Copy nothing but the lines below, from the one with "800ML Anti-gravity Air" through the one with "MIVV Double Gun", exactly as written; no pictures should appear.

───── Data supplied ─────

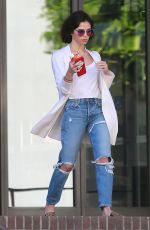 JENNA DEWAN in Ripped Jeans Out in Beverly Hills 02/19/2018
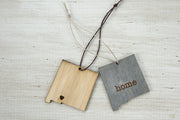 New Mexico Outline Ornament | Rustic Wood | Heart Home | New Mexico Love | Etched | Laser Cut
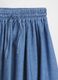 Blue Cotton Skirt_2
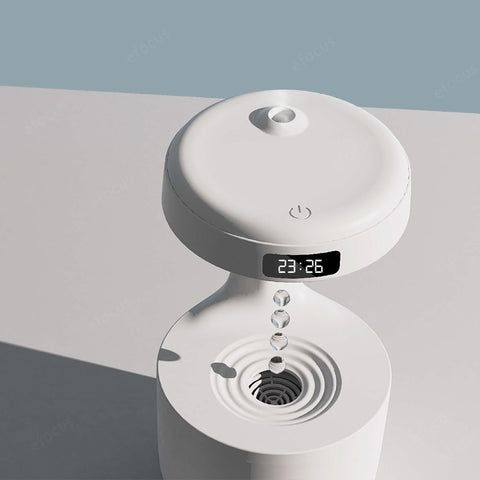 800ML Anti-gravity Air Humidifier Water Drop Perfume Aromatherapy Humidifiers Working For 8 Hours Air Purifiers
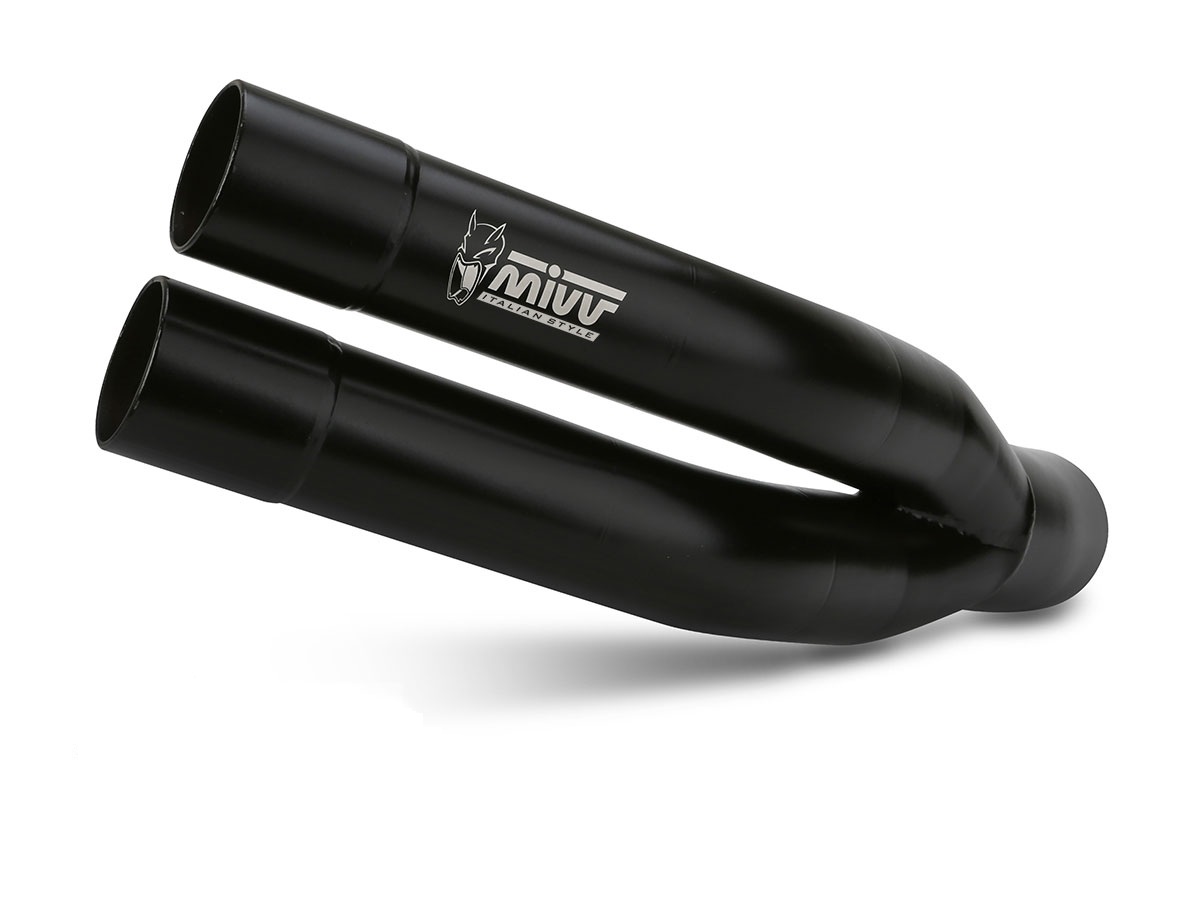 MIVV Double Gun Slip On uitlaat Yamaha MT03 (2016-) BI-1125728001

─────
───── Data supplied ─────

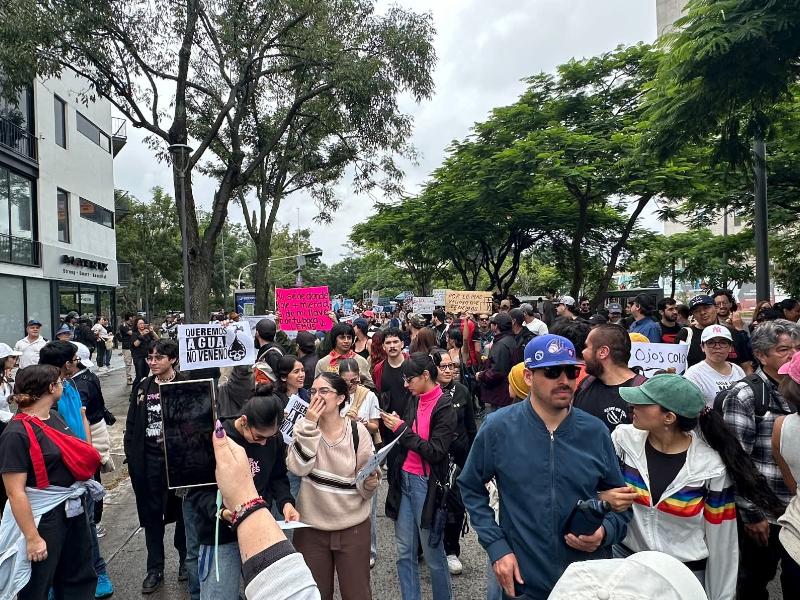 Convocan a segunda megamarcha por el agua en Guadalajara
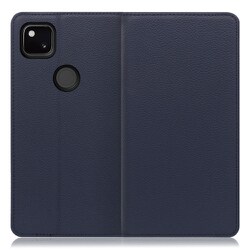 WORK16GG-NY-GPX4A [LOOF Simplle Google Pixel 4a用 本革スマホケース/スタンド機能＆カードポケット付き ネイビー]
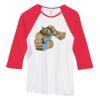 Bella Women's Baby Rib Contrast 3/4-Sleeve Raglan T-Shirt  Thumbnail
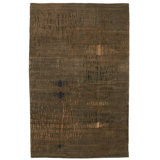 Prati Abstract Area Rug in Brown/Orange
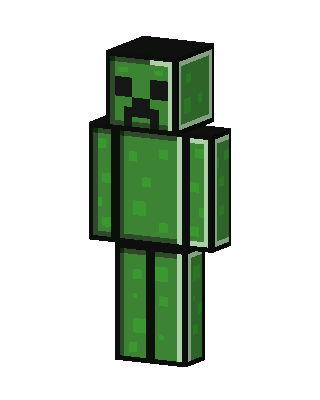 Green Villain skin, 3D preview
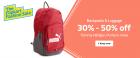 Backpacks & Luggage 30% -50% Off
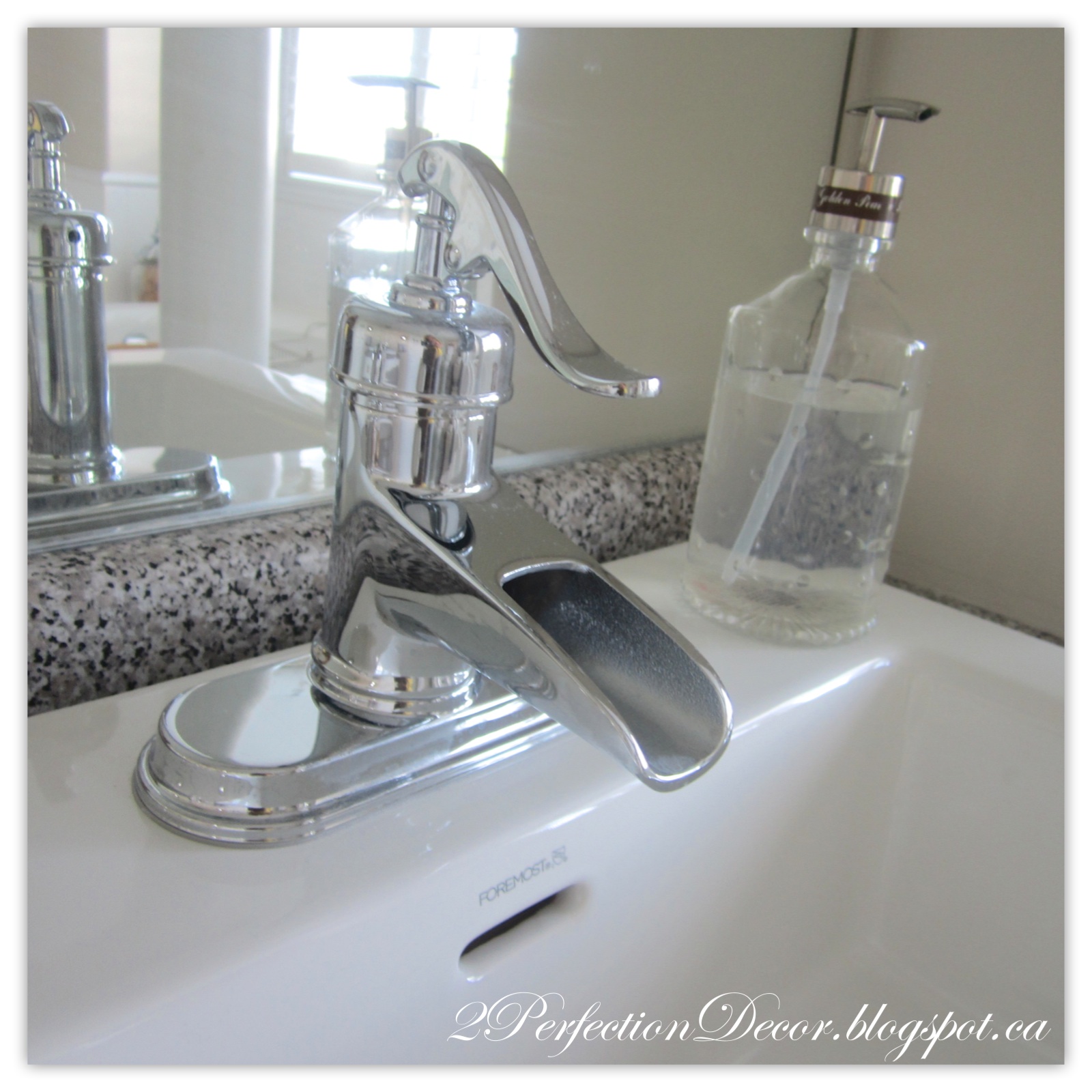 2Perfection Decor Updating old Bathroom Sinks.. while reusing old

─────
───── Data supplied ─────

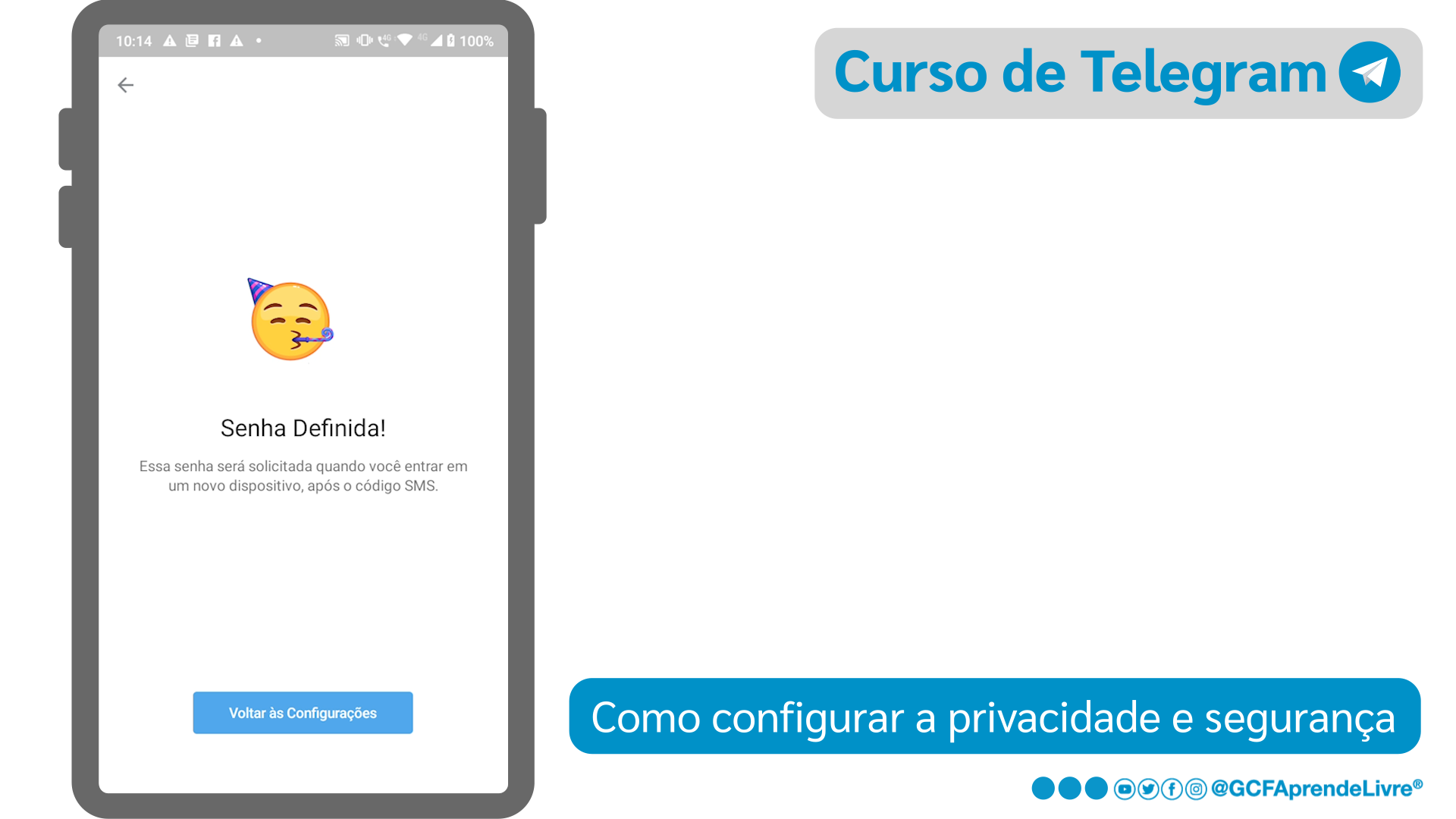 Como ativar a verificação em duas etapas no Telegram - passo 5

─────

• [Response to the exercise]:
 800ML Anti-gravity Air Humidifier Water Drop Perfume Aromatherapy Humidifiers Working For 8 Hours Air Purifiers
 MIVV Double Gun Slip On uitlaat Yamaha MT03 (2016-) BI-1125728001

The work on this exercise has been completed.